[[ The records, beginning ]]

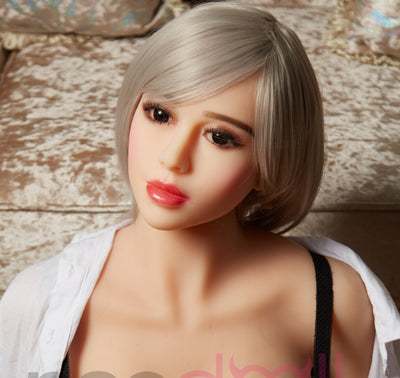 Allure Liliana Head - Sex Doll Head - M16 Compatible - Tan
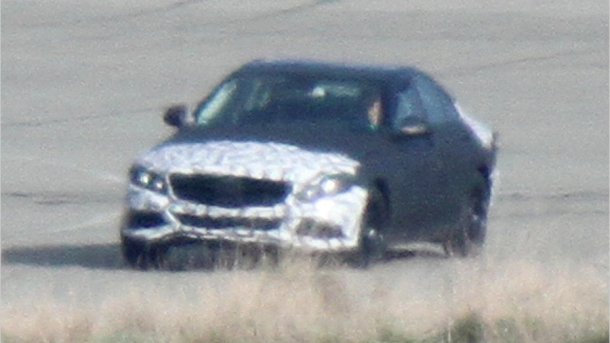 Die nächste Mercedes C-Klasse nimmt Form an.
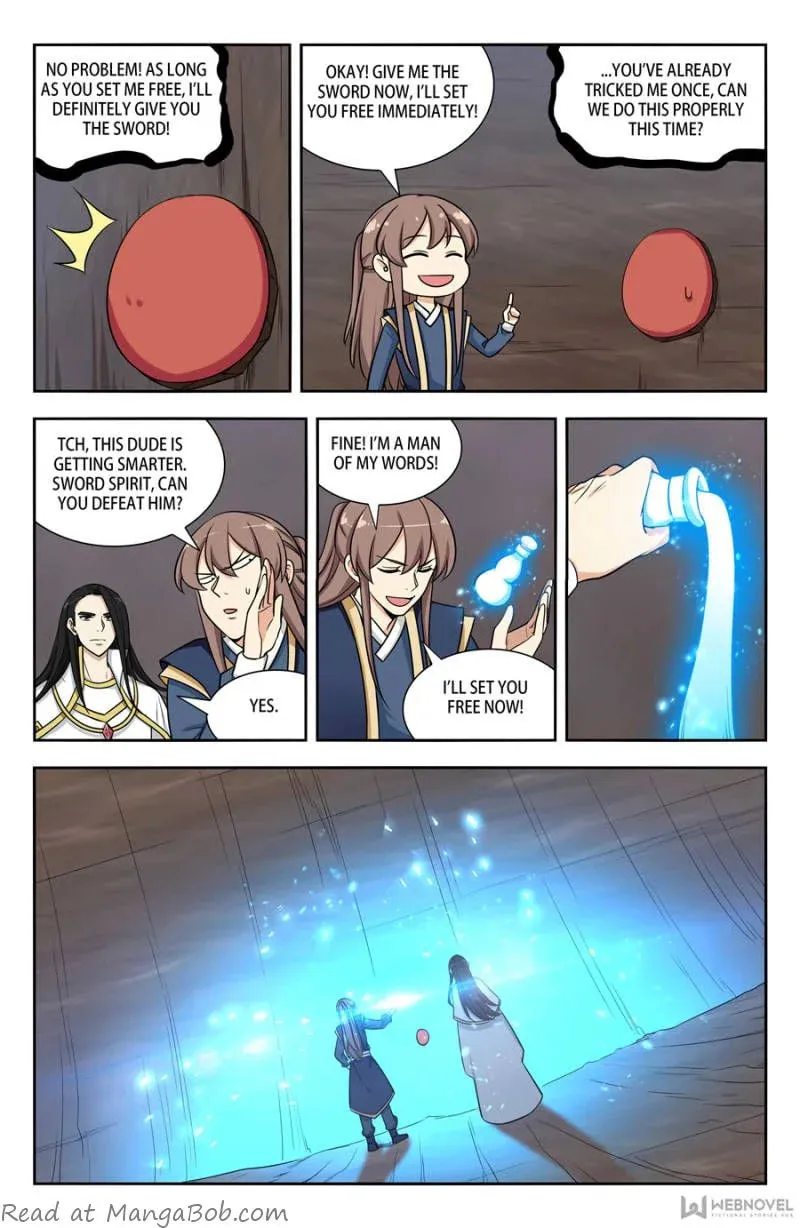 Read The Ultimate Scheming System (Colored) chapter 119 image 7 on Lezhin
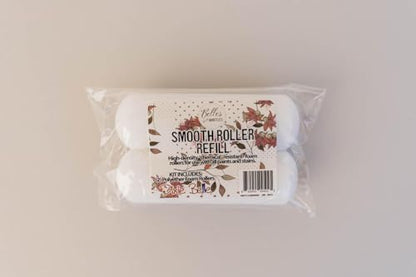 Dixie Belle Paint Company Smooth Roller Refills - 4.25� x 1.25�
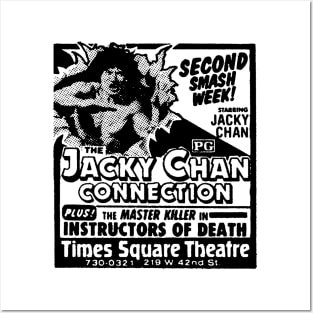 The Jacky Chan Connection Posters and Art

[[ The records, end ]]

Please write out, exactly, every line from the line with "Read The Ultimate" through the final line of the data above, leaving out pictures.

### Task output:
 Read The Ultimate Scheming System (Colored) chapter 119 image 7 on Lezhin
 Dixie Belle Paint Company Smooth Roller Refills - 4.25� x 1.25�
 The Jacky Chan Connection Posters and Art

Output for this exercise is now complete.